2.Davalı erkek vekili temyiz dilekçesinde özetle; müvekkilinin kusurlu olmadığını ve zinanın ispatlanmadığını, nafaka ve tazminat miktarlarının fahiş olduğunu ileri sürerek zinaya dayalı davanın kabulü, nafakalar ve tazminatlar yönünden kararın bozulmasına karar verilmesini talep etmiştir.

C. Gerekçe
1. Uyuşmazlık ve Hukuki Nitelendirme
Uyuşmazlık, taraflar arasında görülen boşanma davasında zinanın ispatlanıp ispatlanamadığı, nafaka ve tazminat verilmesi koşullarının gerçekleşip gerçekleşmediği ile miktarlarının dosya kapsamına uygun olup olmadığı noktasında toplanmaktadır.

2. İlgili Hukuk
6100 sayılı Hukuk Muhakemeleri Kanunu’nun (6100 sayılı Kanun) 369 uncu maddesinin birinci fıkrası ile 370 ve 371 inci maddeleri, 4721 sayılı Kanun’un 4 üncü maddesi, 161 inci maddesi, 174 üncü maddesinin birinci ve ikinci fıkrası, 175 inci maddesi, 6098 sayılı Türk Borçlar Kanun’un (6098 sayılı Kanun) 50 inci ve 51 inci maddeleri.

3. Değerlendirme
1.Tarafların iddia, savunma ve dayandıkları belgelere, uyuşmazlığın hukuki nitelendirilmesi ile uygulanması gereken hukuk kurallarına, dava şartlarına, yargılamaya hâkim olan ilkelere, ispat kurallarına ve temyiz olunan kararda belirtilen gerekçelere göre davalı erkek vekilinin tüm, davacı kadın vekilinin aşağıdaki paragrafın kapsamı dışındaki temyiz itirazları yerinde görülmemiştir.
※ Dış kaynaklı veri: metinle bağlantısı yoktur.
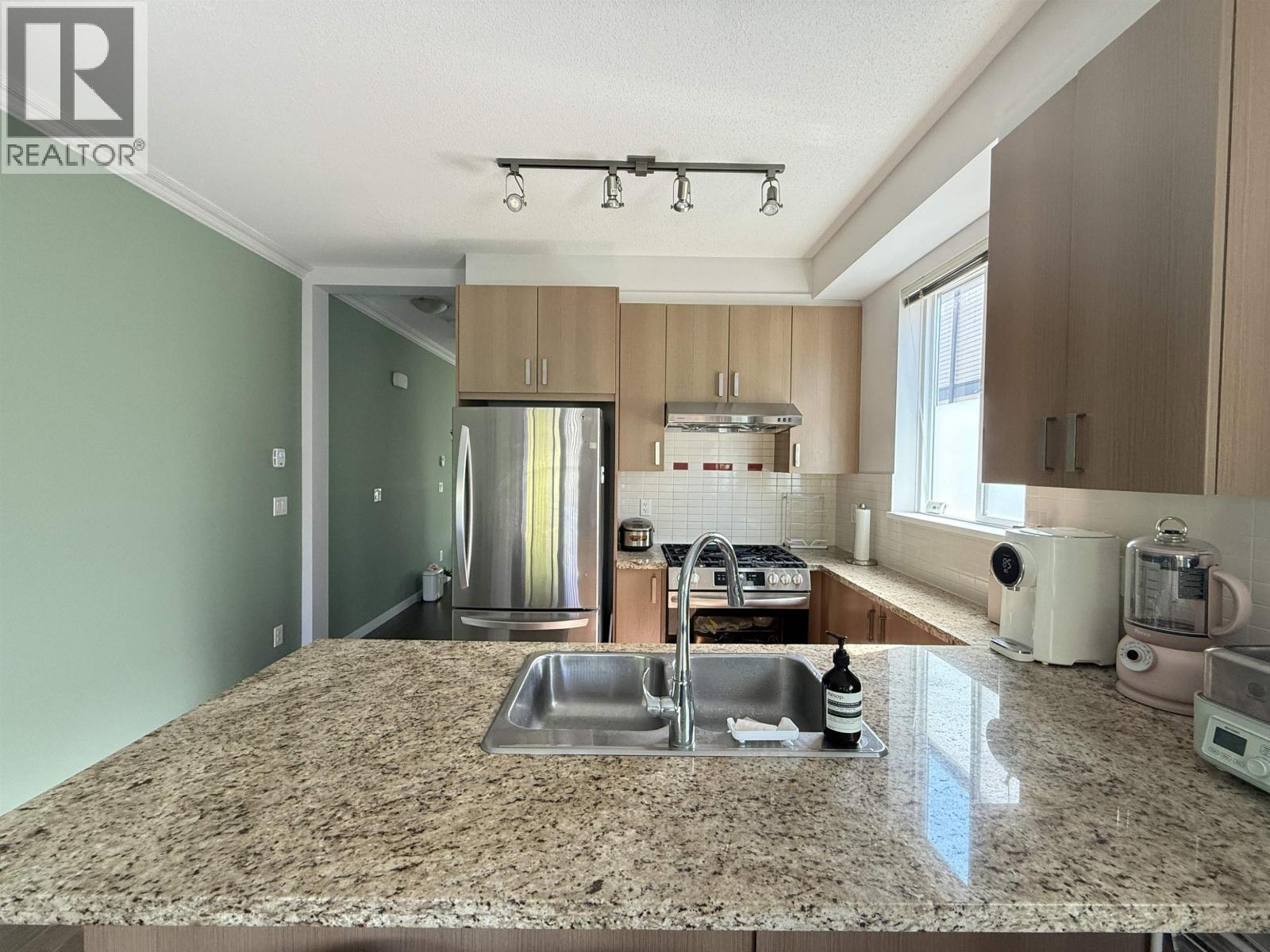 9566 TOMICKI Avenue, Richmond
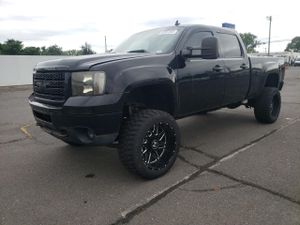GMC Sierra K2500 DENALI 6.6L 8 2012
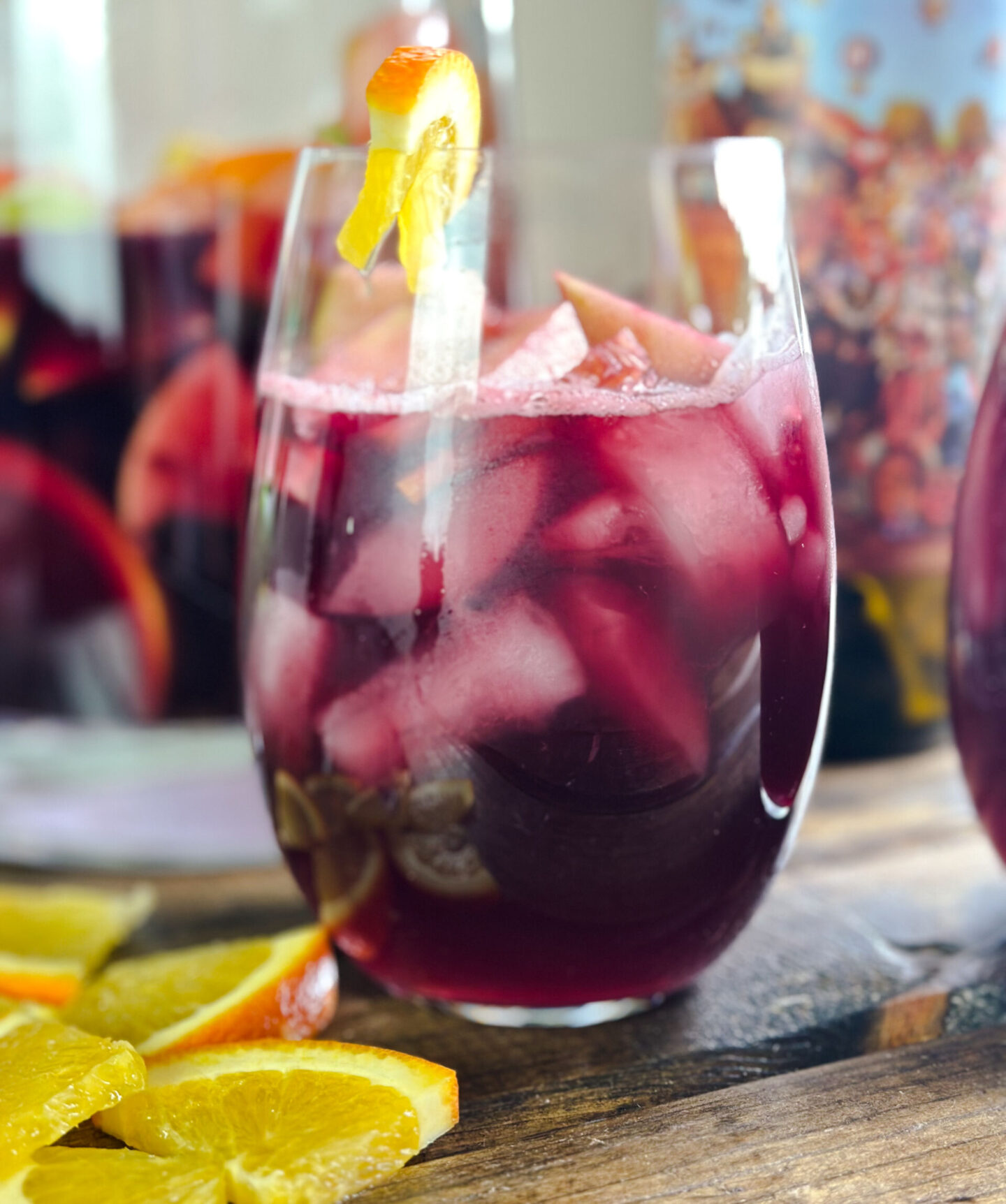 This is the BEST Red Wine Sangria Recipe - Tasty!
2.Tarafların tespit edilen ekonomik ve sosyal durumları, boşanmaya yol açan olaylardaki kusur dereceleri, paranın alım gücü, kişilik haklarına yapılan saldırının ağırlığı ile ihlal edilen mevcut ve beklenen menfaatlerin kapsamına nazaran, kadın yararına hükmolunan maddî ve manevî tazminat miktarı azdır. 4721 sayılı Kanun’un 4 üncü maddesindeki hakkaniyet ilkesi ile 6098 sayılı Kanun’un 50 nci ve 51 inci madde hükümleri nazara alınarak, 4721 sayılı Kanun’un 174 üncü maddesinin birinci ve ikinci fıkraları uyarınca daha uygun miktarda maddî ve manevî tazminat takdiri gerekirken, yazılı şekilde hüküm kurulması bozmayı gerektirmiştir.

VI. KARAR
Açıklanan sebeplerle;
1.Temyiz olunan Bölge Adliye Mahkemesi kararının kadın yararına hükmedilen maddî ve manevî tazminat miktarı yönünden davacı kadın yararına BOZULMASINA,

2.Davalı erkek vekilinin tüm, davacı kadın vekilinin sair temyiz itirazlarının reddi ile Bölge Adliye Mahkemesi kararının bozma kapsamı dışında kalan temyize konu bölümlerinin 6100 sayılı Kanun’un 370 inci maddesinin birinci fıkrası uyarınca ONANMASINA,

Duruşma için takdir olunan 8.400,00 TL. vekalet ücretinin davalıdan alınıp davacıya verilmesine,

Aşağıda yazılı temyiz giderinin temyiz eden davalıya yükletilmesine,

Peşin alınan harcın istek halinde yatıran davacıya iadesine,

Dosyanın kararı veren Bölge Adliye Mahkemesine gönderilmesine,

04.07.2023 tarihinde oy birliğiyle karar verildi.